You bastard! Jack thought, aching to pull the trigger. You rotten lousy bastard. He'd bet all he owned that Oz's foolproof dispose-all had yellow eyes and a scarred lower lip.

"And Nadia? What about her?"

Monnet closed his eyes.

"Only one second left on your clock," Jack said, then held his breath, pretty damn sure he wasn't going to like this answer.

Monnet nodded. "The same." His voice seemed caught between a whisper and a sob.

"Aw, jeez."

It now seemed a possibility that the suddenly healthy rakosh hadn't lunched on Bondy as Jack had first thought. Oz must have fed it Gleason… and Nadia was probably next on the menu.

He backed away, trying not to give in to the increasingly insistent urge to redecorate the room with this son of a bitch's brains. That was too good for him. Too good for all of them.

"All right," he said. "I want all pockets emptied onto the table. Everyone. Now. Do it!"

The three executives got to it with gusto. Jack could see relief on their faces: Emptying pockets meant robbery. They understood that, and it sure as hell beat getting shot.

Dragovic didn't move. He simply sat there pressing a hand to his thigh and glaring at Monnet. Jack remembered his shouts about liars and traitors a moment ago. Looked like this little business arrangement was falling apart. He let Dragovic be—he already had what he wanted from him.

"Hurry!" Jack shouted, and meant it. Gleason was probably gone, but maybe he still had time to save Nadia. "I want all pockets turned inside out."

He didn't care about the wallets that landed on the table. The cell phones were what he wanted. Three more of them joined Dragovic's.

"You," he said, pointing to Mr. Sweaty. "Rip out every phone in the room and dump them here on the table." As Sweaty hopped to it, Jack pointed the ferret—the one Monnet had called Brad—in the direction of the wet bar at the far end of the room. "You bring me four glasses and a pitcher of water."

When all the phones had been collected, including the conference speaker-microphone in the center of the table, Jack wrapped them in someone's suit coat and tossed them out into the hall.
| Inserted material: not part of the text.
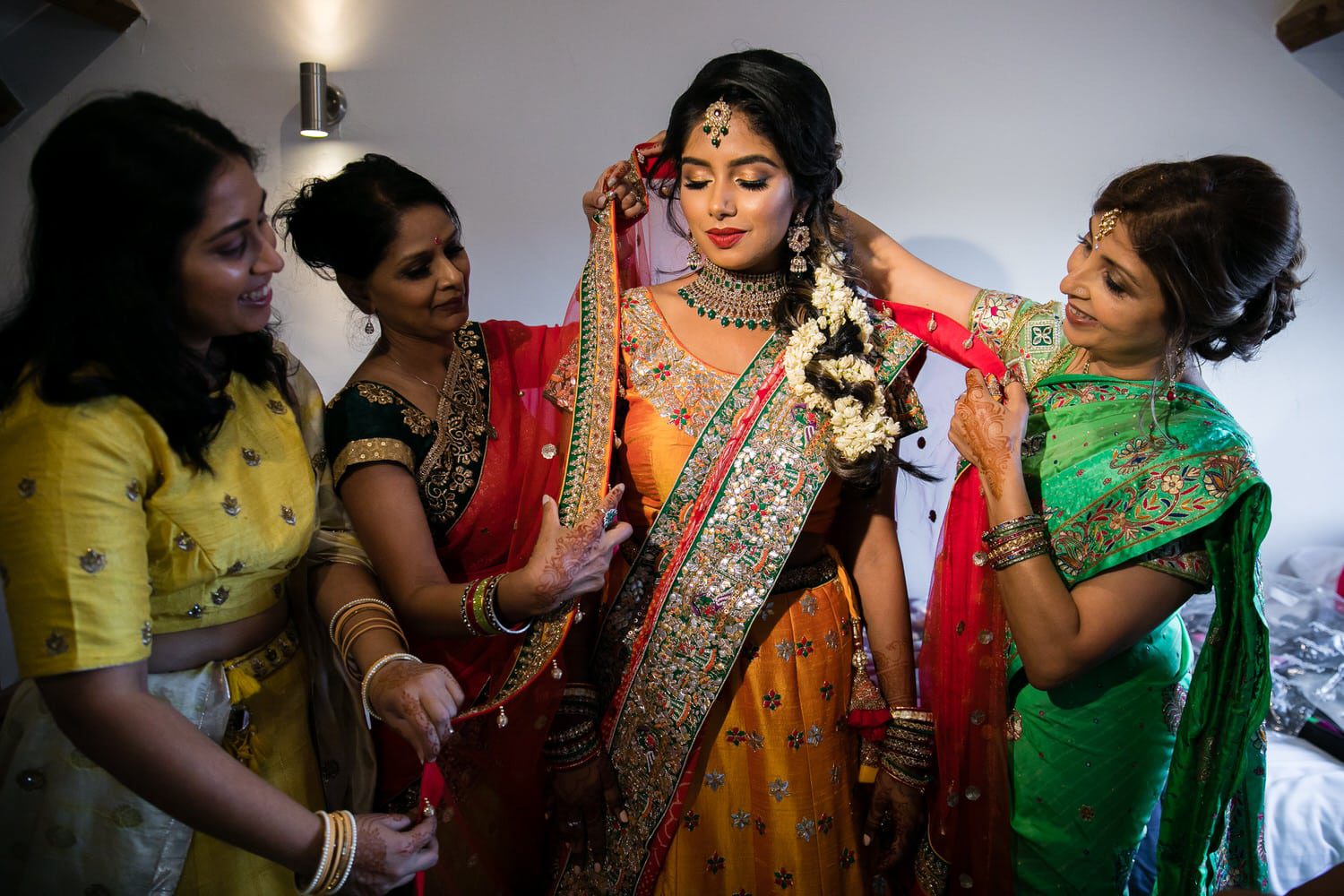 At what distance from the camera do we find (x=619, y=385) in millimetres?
1580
"Now," he said, tugging the Ziploc of Berzerk from his pocket and sliding it across the table to Brad. "Put a handful of that in each of the glasses."
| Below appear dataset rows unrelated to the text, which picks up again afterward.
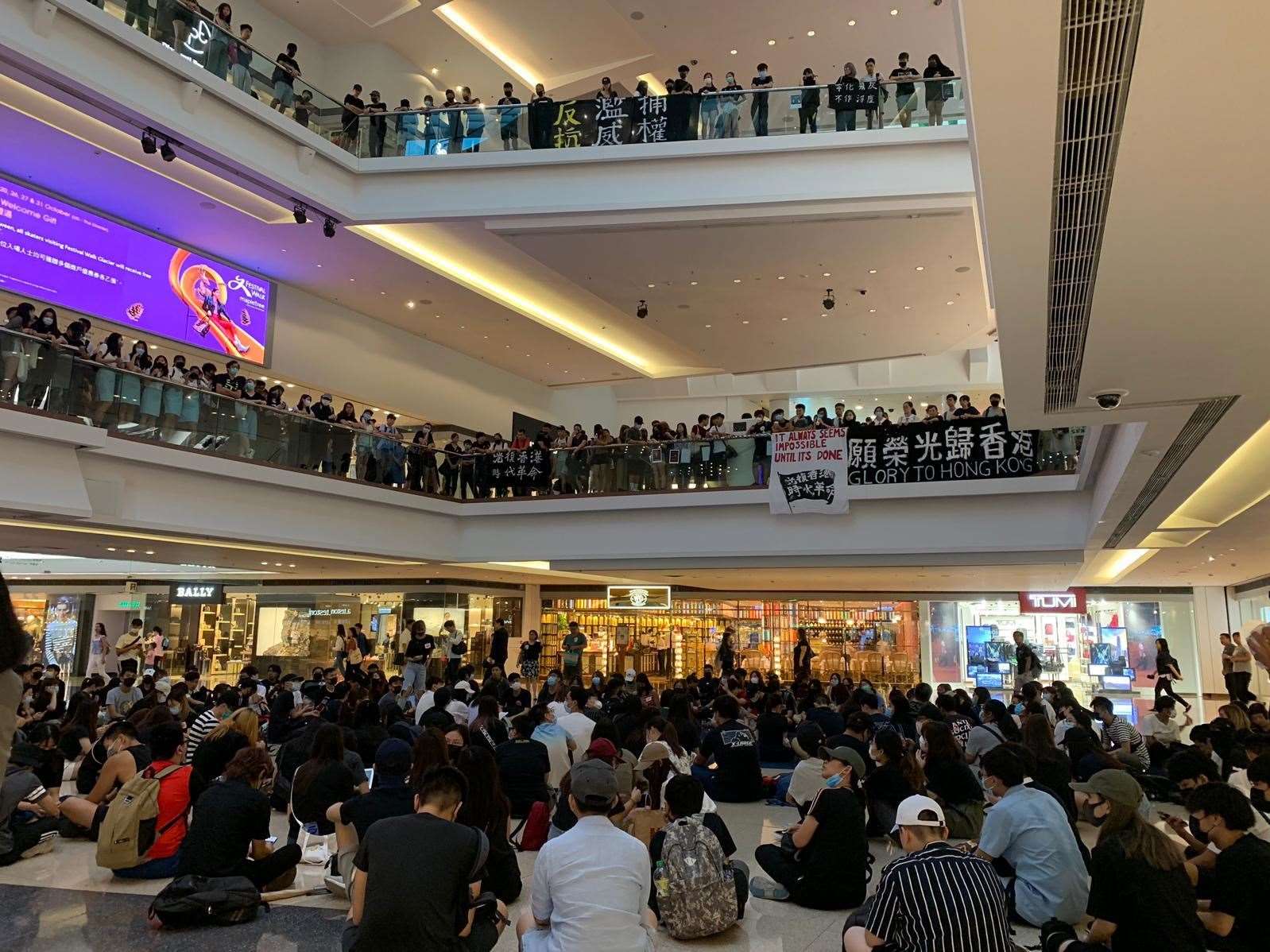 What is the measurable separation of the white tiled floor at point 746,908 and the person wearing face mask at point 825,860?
9cm

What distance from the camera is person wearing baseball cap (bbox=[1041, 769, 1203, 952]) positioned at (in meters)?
3.84

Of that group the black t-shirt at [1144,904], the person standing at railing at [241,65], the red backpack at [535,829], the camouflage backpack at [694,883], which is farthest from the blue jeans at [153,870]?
the person standing at railing at [241,65]

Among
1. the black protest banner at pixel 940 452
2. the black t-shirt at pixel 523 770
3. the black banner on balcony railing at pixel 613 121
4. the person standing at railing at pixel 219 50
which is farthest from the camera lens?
the black banner on balcony railing at pixel 613 121

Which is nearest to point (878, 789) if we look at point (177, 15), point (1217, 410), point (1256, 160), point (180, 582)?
point (1217, 410)

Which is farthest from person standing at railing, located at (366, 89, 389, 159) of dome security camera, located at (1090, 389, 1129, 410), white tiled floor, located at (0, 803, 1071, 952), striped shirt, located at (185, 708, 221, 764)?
dome security camera, located at (1090, 389, 1129, 410)

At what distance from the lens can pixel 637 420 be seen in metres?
18.8

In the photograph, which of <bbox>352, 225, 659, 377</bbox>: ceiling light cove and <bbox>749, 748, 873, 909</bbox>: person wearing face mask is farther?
<bbox>352, 225, 659, 377</bbox>: ceiling light cove

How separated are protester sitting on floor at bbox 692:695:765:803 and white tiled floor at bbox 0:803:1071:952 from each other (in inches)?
52.5

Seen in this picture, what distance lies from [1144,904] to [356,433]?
1367 cm

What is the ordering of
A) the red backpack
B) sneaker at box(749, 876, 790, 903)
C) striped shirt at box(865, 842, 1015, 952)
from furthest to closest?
the red backpack, sneaker at box(749, 876, 790, 903), striped shirt at box(865, 842, 1015, 952)

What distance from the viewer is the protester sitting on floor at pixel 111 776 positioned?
714cm

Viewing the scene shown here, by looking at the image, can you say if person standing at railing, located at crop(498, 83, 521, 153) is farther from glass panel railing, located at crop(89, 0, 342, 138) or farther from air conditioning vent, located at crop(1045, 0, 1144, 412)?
air conditioning vent, located at crop(1045, 0, 1144, 412)

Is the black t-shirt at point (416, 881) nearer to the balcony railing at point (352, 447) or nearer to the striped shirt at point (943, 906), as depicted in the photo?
the striped shirt at point (943, 906)

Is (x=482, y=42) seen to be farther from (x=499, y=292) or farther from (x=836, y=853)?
(x=836, y=853) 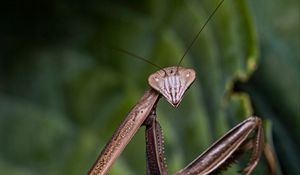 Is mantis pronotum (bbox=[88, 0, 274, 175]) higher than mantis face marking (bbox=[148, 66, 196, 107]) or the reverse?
the reverse

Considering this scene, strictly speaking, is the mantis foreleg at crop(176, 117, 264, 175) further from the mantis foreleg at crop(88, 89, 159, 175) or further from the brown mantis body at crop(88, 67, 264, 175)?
the mantis foreleg at crop(88, 89, 159, 175)

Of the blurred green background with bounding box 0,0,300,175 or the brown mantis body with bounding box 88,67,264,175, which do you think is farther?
the blurred green background with bounding box 0,0,300,175

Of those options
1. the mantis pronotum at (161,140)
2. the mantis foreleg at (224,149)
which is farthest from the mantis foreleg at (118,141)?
the mantis foreleg at (224,149)

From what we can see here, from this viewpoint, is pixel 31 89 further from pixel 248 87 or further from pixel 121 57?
pixel 248 87

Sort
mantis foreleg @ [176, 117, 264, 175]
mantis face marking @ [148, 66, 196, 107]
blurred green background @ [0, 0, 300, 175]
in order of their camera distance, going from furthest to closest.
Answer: blurred green background @ [0, 0, 300, 175]
mantis foreleg @ [176, 117, 264, 175]
mantis face marking @ [148, 66, 196, 107]

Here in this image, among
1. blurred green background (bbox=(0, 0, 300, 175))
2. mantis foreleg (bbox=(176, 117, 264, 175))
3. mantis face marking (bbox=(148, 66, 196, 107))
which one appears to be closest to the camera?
mantis face marking (bbox=(148, 66, 196, 107))

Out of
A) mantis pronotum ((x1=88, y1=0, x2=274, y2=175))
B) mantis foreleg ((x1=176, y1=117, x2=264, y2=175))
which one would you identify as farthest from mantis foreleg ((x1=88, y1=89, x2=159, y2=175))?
mantis foreleg ((x1=176, y1=117, x2=264, y2=175))

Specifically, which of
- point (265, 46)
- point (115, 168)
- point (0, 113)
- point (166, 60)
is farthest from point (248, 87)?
point (0, 113) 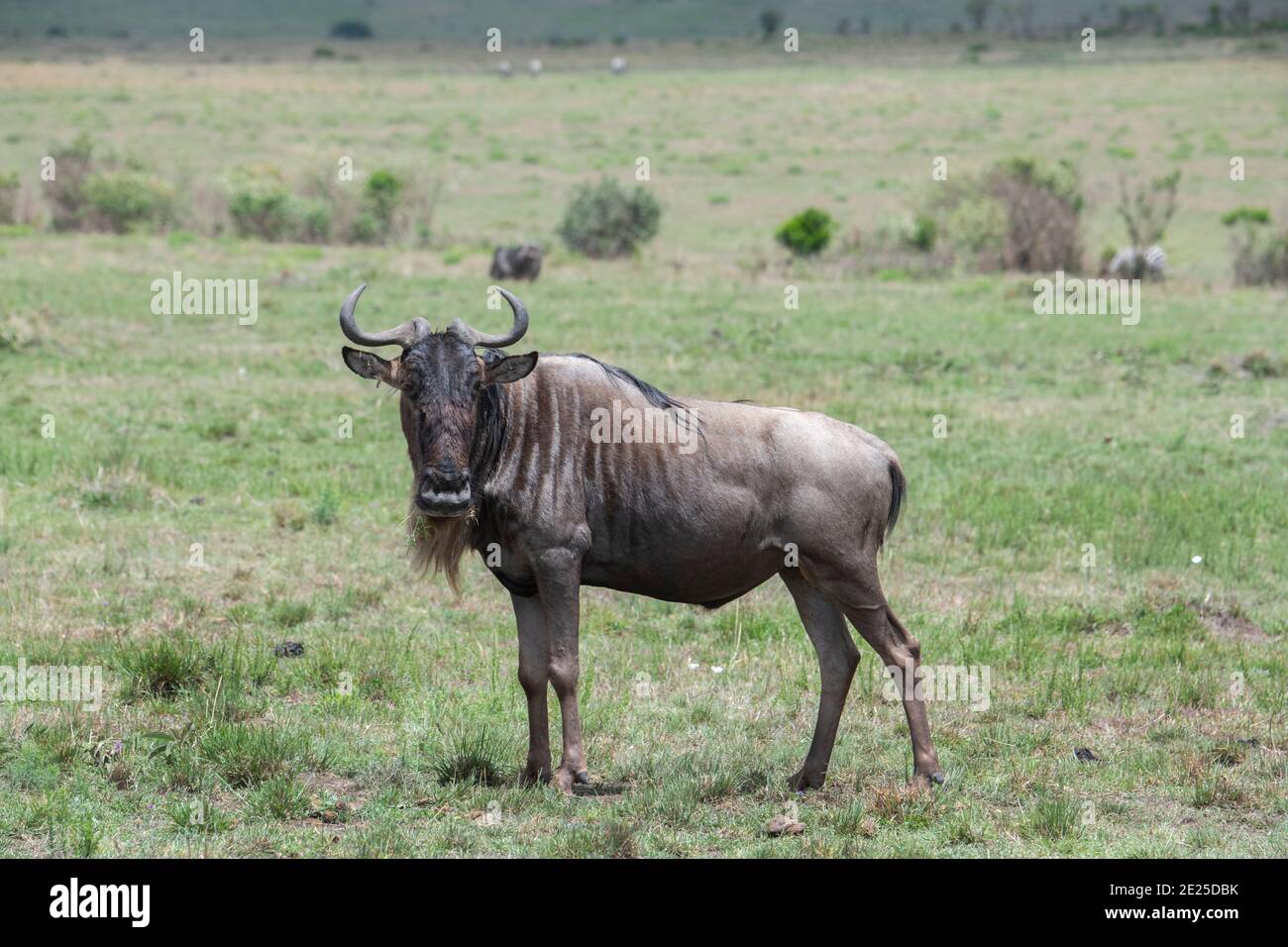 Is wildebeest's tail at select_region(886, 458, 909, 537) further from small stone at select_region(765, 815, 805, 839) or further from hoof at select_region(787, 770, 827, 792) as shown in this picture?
small stone at select_region(765, 815, 805, 839)

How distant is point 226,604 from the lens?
11016mm

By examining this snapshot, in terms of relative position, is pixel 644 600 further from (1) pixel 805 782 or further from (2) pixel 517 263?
(2) pixel 517 263

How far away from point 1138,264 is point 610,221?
480 inches

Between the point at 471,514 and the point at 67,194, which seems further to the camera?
the point at 67,194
The look on Brad's face left no doubt about his familiarity with the powder.

"W-why?"

"Just do it."

Brad's hand was shaking like a wino with the DTs, but he managed to get the job done.

"Now fill each glass halfway with water and pass them around."

A minute later, each of the four men had a glass of blue-tinged fluid before him.

"Bottoms up, gentlemen," Jack said.

Mr. Sweaty got sweatier. "No," he said shaking his head and staring at the glass like he'd been poured a shot of battery acid. "It'll kill us."

"Yeah, well, you gotta go sometime. Drink up; then I'm gone."

Dragovic snorted derisively, raised his glass as if he were toasting the room, and chugged the Berzerk. Then he hurled the glass across the table at Monnet, missing him by inches.

"I can't!" Brad wailed.

Jack put a bullet into the mahogany tabletop directly in front of Brad. The three executives all but jumped out of their seats; Dragovic was cool, though. Barely blinked. Under different circumstances, Jack could have almost liked him.

"I don't have time for this, so I'll tell you that we can do this two ways: you can swallow it, or I can shoot you in the gut and pour it in."

Mr. Sweaty drank his. He looked sick when he set his empty back on the mahogany. Brad choked halfway through his, and for a second or two Jack was afraid he was going to blow it all over the table, but he kept it down.

Monnet was the last. "Do you have any idea what this will do to us?"

"Firsthand. I got the dose you or Dragovic set up for Nadia."

"I have never heard of this Nadia," Dragovic said. "Who is she? Should I know her?"

"Then it was you," Jack said, staring hard into Monnet's eyes. He wanted so much to hurt this man. Instead he held up his free hand, the leather-clad thumb and index finger a hair apart. "This morning I came this close to hurting two people very dear to me because of you. I think you'd better drink up."